Collected data:

——————

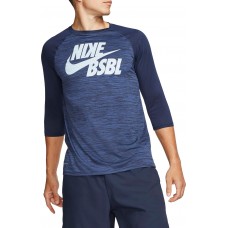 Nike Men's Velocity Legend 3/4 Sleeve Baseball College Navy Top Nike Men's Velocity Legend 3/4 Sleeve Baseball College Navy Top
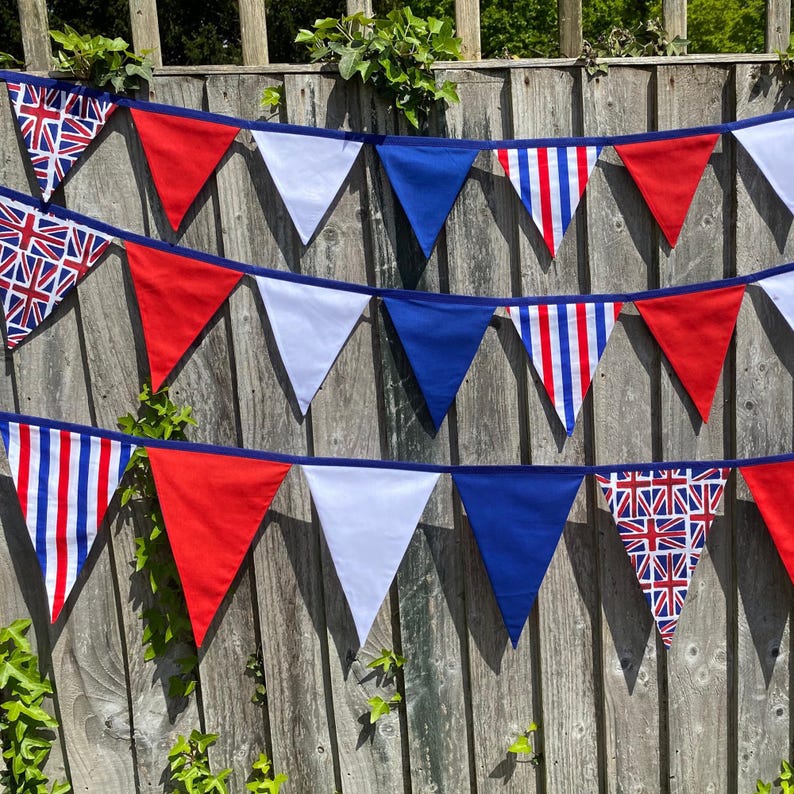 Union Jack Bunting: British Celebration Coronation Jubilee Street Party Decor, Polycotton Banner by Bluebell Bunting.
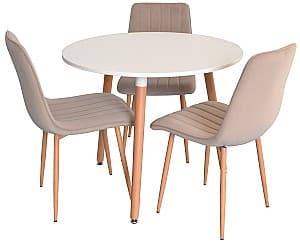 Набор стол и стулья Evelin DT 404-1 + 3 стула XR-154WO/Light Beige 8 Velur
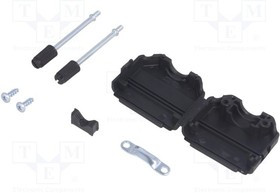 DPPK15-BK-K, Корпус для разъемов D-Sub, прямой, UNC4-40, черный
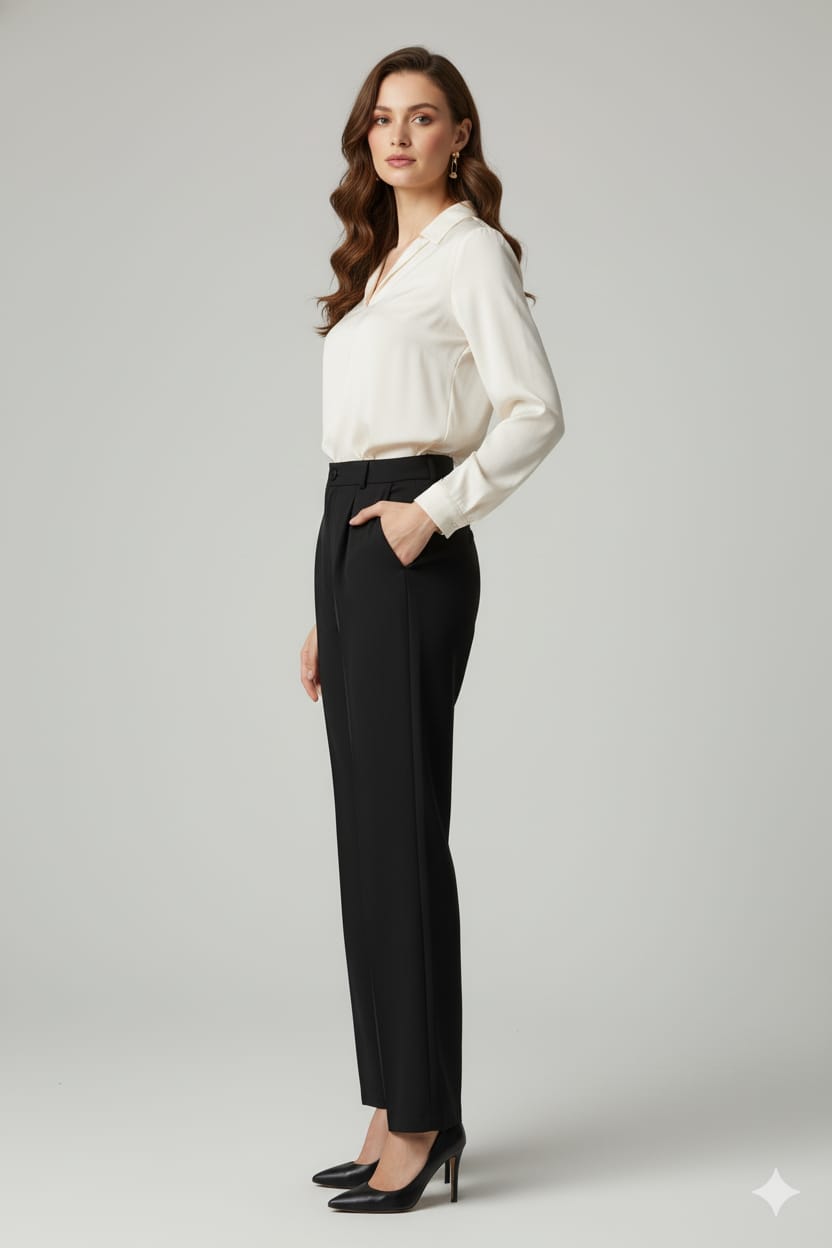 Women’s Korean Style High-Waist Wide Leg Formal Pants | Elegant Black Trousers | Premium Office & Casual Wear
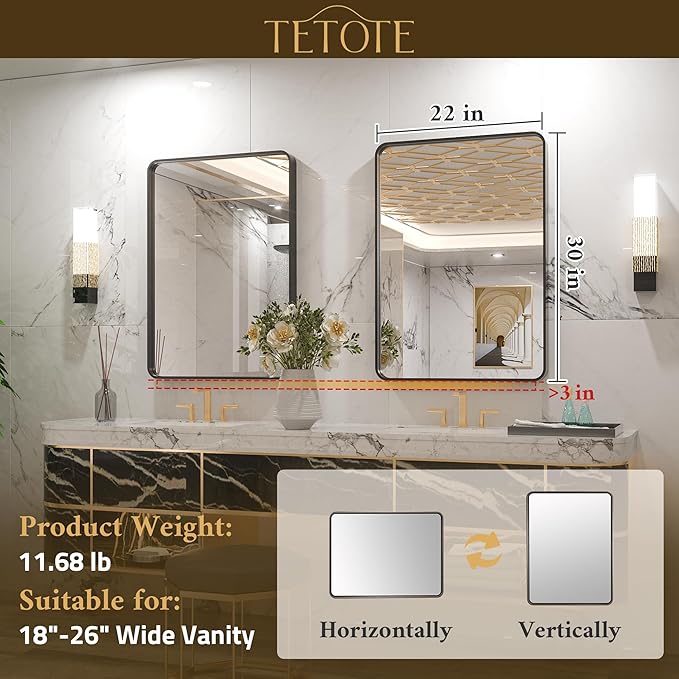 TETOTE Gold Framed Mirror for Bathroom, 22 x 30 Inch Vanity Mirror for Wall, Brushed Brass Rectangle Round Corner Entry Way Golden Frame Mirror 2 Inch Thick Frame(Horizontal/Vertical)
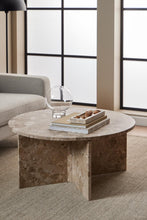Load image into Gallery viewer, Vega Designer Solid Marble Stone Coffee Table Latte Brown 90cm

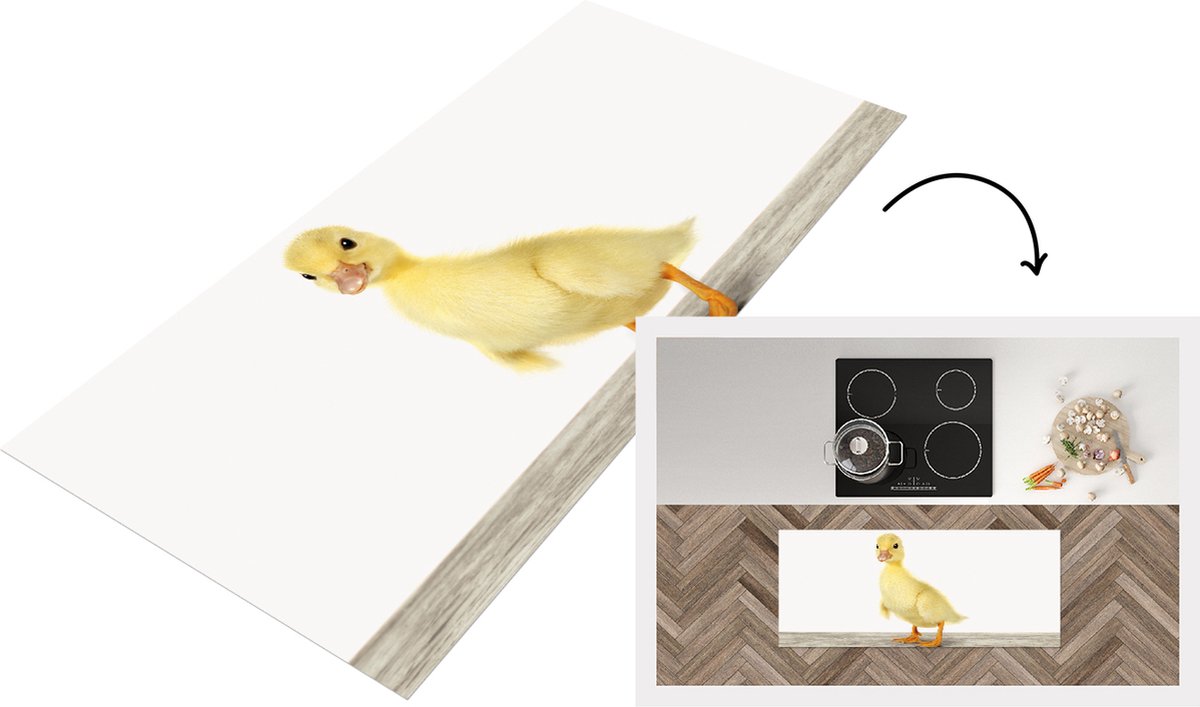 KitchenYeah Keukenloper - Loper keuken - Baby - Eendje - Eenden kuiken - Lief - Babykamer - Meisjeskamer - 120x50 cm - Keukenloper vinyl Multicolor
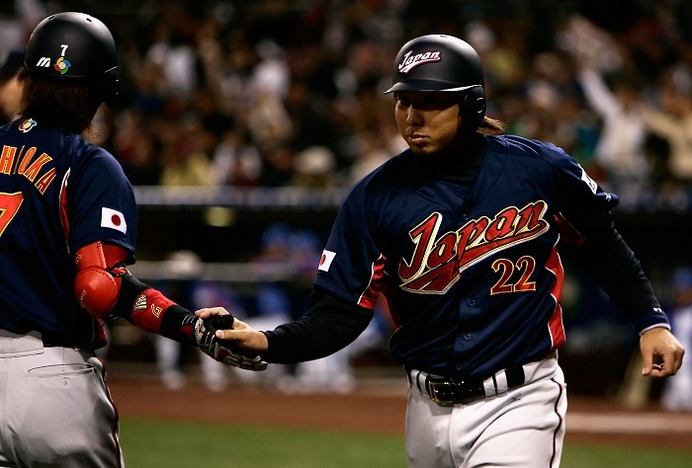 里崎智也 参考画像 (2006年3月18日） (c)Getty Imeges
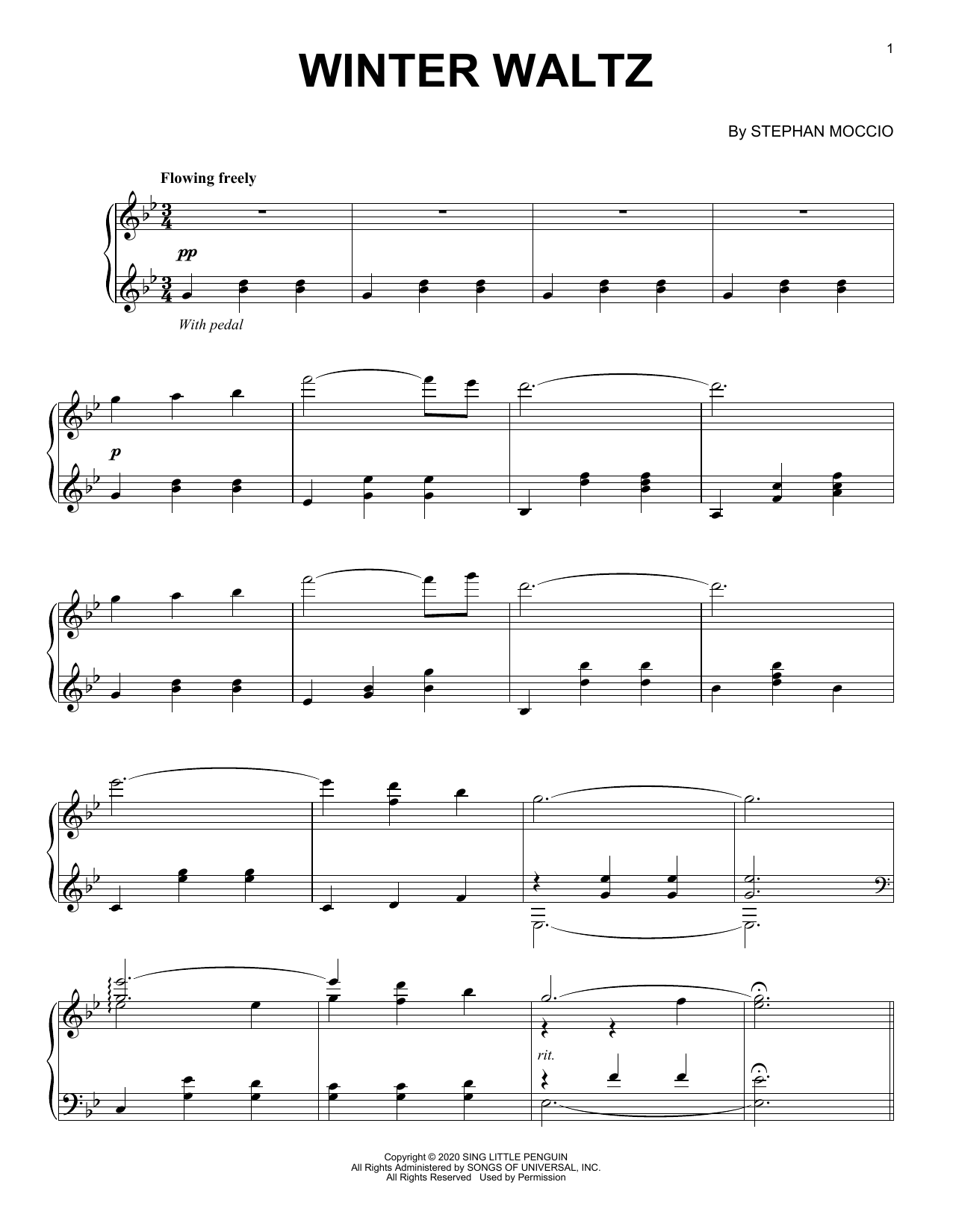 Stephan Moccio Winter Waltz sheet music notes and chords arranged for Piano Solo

——————

Problem statement
Could you print all the entries exactly as they stand, with the pictures left out?

Output for this exercise
 Nike Men's Velocity Legend 3/4 Sleeve Baseball College Navy Top Nike Men's Velocity Legend 3/4 Sleeve Baseball College Navy Top
 Union Jack Bunting: British Celebration Coronation Jubilee Street Party Decor, Polycotton Banner by Bluebell Bunting.
 Набор стол и стулья Evelin DT 404-1 + 3 стула XR-154WO/Light Beige 8 Velur
 DPPK15-BK-K, Корпус для разъемов D-Sub, прямой, UNC4-40, черный
 Women’s Korean Style High-Waist Wide Leg Formal Pants | Elegant Black Trousers | Premium Office & Casual Wear
 TETOTE Gold Framed Mirror for Bathroom, 22 x 30 Inch Vanity Mirror for Wall, Brushed Brass Rectangle Round Corner Entry Way Golden Frame Mirror 2 Inch Thick Frame(Horizontal/Vertical)
Load image into Gallery viewer, Vega Designer Solid Marble Stone Coffee Table Latte Brown 90cm

 KitchenYeah Keukenloper - Loper keuken - Baby - Eendje - Eenden kuiken - Lief - Babykamer - Meisjeskamer - 120x50 cm - Keukenloper vinyl Multicolor
 里崎智也 参考画像 (2006年3月18日） (c)Getty Imeges
 Stephan Moccio Winter Waltz sheet music notes and chords arranged for Piano Solo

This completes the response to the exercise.